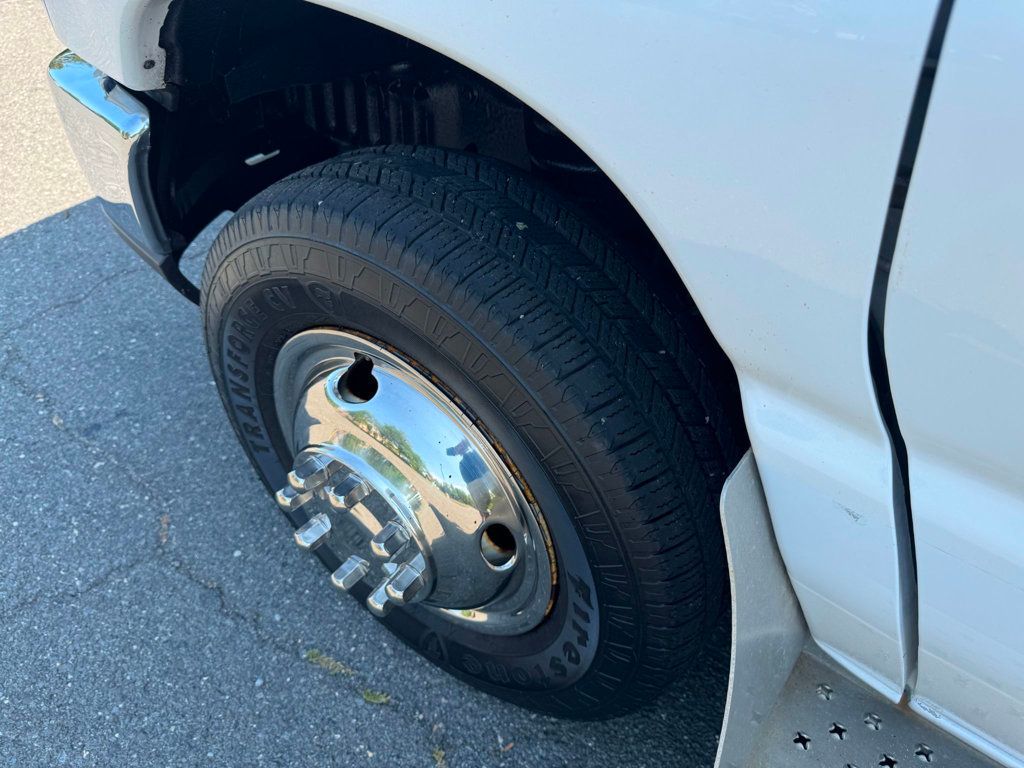 2016 Ford E-450 24 Passenger Shuttle Bus For Senior Tour Charters Student Church Hotel Transport - 22885823 - 39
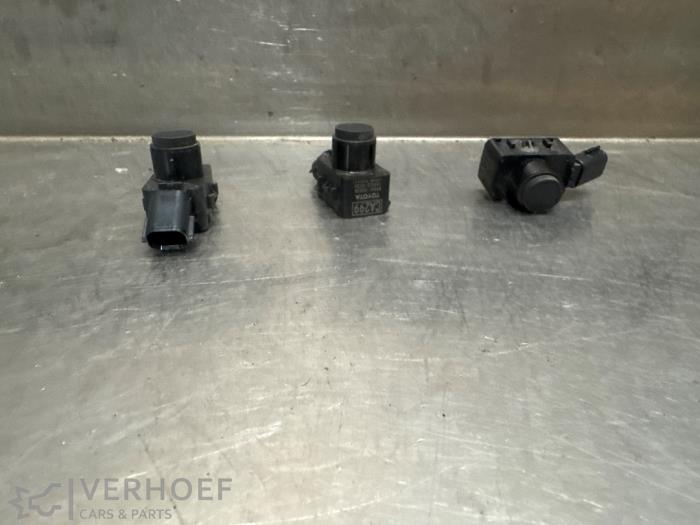 Gebruikte PDC Sensor Set Toyota C-HR (X1,X5) 1.8 16V Hybrid Prijs op aanvraag aangeboden door Verhoef Cars & Parts
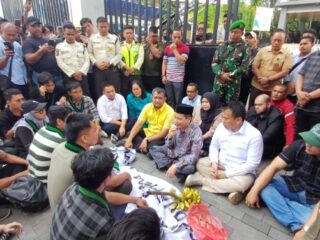 Aksi unjukrasa di depan gedung DPRD Kota Medan, Jalan Kapten Maulana Lubis No.1, Kota Medan, Rabu (3/9/2025) sore.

EXERCISE DESCRIPTION. All of the material above should be set down again exactly, though not its pictures.

PROBLEM SOLUTION.
 2016 Ford E-450 24 Passenger Shuttle Bus For Senior Tour Charters Student Church Hotel Transport - 22885823 - 39
 Gebruikte PDC Sensor Set Toyota C-HR (X1,X5) 1.8 16V Hybrid Prijs op aanvraag aangeboden door Verhoef Cars & Parts
 Aksi unjukrasa di depan gedung DPRD Kota Medan, Jalan Kapten Maulana Lubis No.1, Kota Medan, Rabu (3/9/2025) sore.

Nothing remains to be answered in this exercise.